Thread: Strange logic for partial index proving
Sweating over the logic of the theorem prover, I notice it doesn't actually bother to complete an accurate test. I can't see that it produces an error, but I thought I would raise it, if only to share my annoyance at the realisation of how it does things. :-( drop table tenk; create table tenk (col1 int); insert into tenk select generate_series(1,10000); create index idx1 on tenk (col1) where col1 > 1 and col1 < 10; explain select * from tenk where col1 > 5 and col1 < -5; QUERY PLAN --------------------------------------------------------------------Bitmap Heap Scan on tenk (cost=2.05..49.87 rows=50 width=4) Recheck Cond: ((col1 > 5) AND (col1 < -5)) -> Bitmap Index Scan on idx1 (cost=0.00..2.05 rows=50 width=0) Index Cond: ((col1 > 5) AND (col1 < -5)) (4 rows) ...thus it uses an index which does *not* match the query clause to test the impossible condition and thus returns the correct answer of zero. Seems fairly quick also :-) AFAICS this is just a feature of the theorem prover and it never returns an incorrect answer. Anybody think differently? Best Regards, Simon Riggs
Simon Riggs <simon@2ndquadrant.com> writes: > Sweating over the logic of the theorem prover, I notice it doesn't > actually bother to complete an accurate test.

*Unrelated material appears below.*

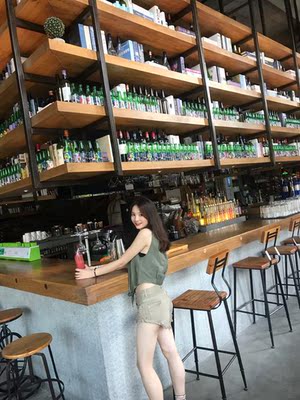 穿起来百搭又休闲 上身挺好看的 主要是显瘦呢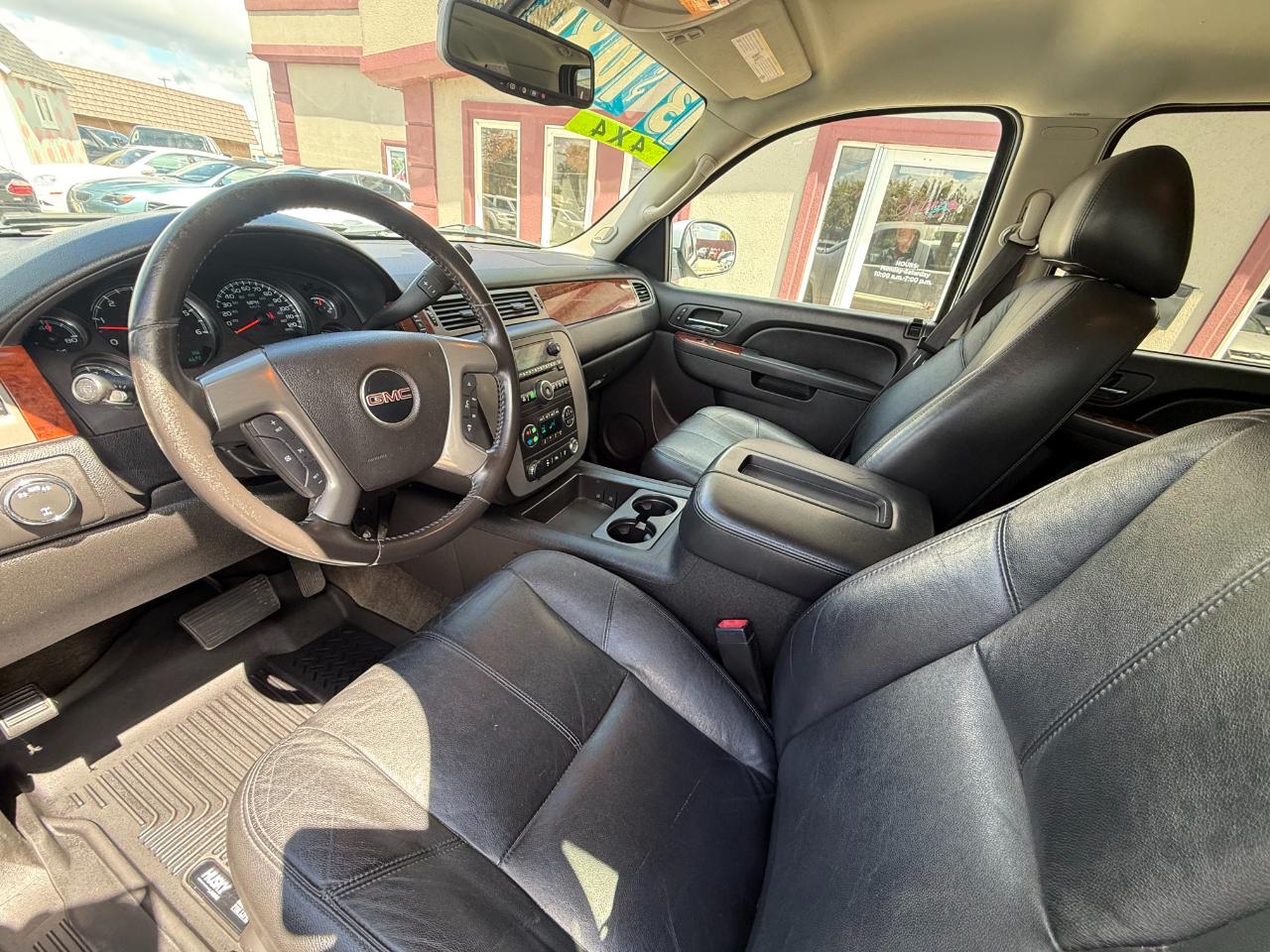 GMC Yukon XL 1500 SLT 2013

Sure it does. > create index idx1 on tenk (col1) where col1 > 1 and col1 < 10; > explain select * from tenk where col1 > 5 and col1 < -5; > [ uses that index ] This is a perfectly legitimate situation. "col1 > 5" implies "col1 > 1" and "col1 < -5" implies "col1 < 10", therefore the query WHERE condition implies the index predicate, therefore the index contains all tuples that could pass the WHERE condition, therefore the index is usable. Kindly do not break this. regards, tom lane
On Tue, 2005-06-21 at 16:29 -0400, Tom Lane wrote: > > create index idx1 on tenk (col1) where col1 > 1 and col1 < 10; > > > explain select * from tenk where col1 > 5 and col1 < -5; > > [ uses that index ] > > This is a perfectly legitimate situation. Like I said, its correct. I didn't suggest changing it. > "col1 > 5" implies "col1 > 1" > and "col1 < -5" implies "col1 < 10", therefore the query WHERE condition > implies the index predicate, therefore the index contains all tuples > that could pass the WHERE condition, therefore the index is usable. ..."all tuples that pass the WHERE condition", like none. Guess I'm not Mr Logic. Best Regards, Simon Riggs
On Tue, Jun 21, 2005 at 10:33:45PM +0100, Simon Riggs wrote: > On Tue, 2005-06-21 at 16:29 -0400, Tom Lane wrote: > > > create index idx1 on tenk (col1) where col1 > 1 and col1 < 10; > > > > > explain select * from tenk where col1 > 5 and col1 < -5; > > > [ uses that index ] > > > > This is a perfectly legitimate situation. > > Like I said, its correct. I didn't suggest changing it. > > > "col1 > 5" implies "col1 > 1" > > and "col1 < -5" implies "col1 < 10", therefore the query WHERE condition > > implies the index predicate, therefore the index contains all tuples > > that could pass the WHERE condition, therefore the index is usable. > > ..."all tuples that pass the WHERE condition", like none. > > Guess I'm not Mr Logic. Has anyone looked at how hard it would be to identify impossible conditions as part of planning the query? In this case, you obviously can't get any results, so there's no point in even planning anything. Of course this is a somewhat nonsensical example, but I suspect that there are cases where QBE or other front-ends will generate queries that contain some impossible conditions that can be eliminated. -- Jim C. Nasby, Database Consultant decibel@decibel.org Give your computer some brain candy! www.distributed.net Team #1828 Windows: "Where do you want to go today?" Linux: "Where do you want to go tomorrow?" FreeBSD: "Are you guys coming, or what?"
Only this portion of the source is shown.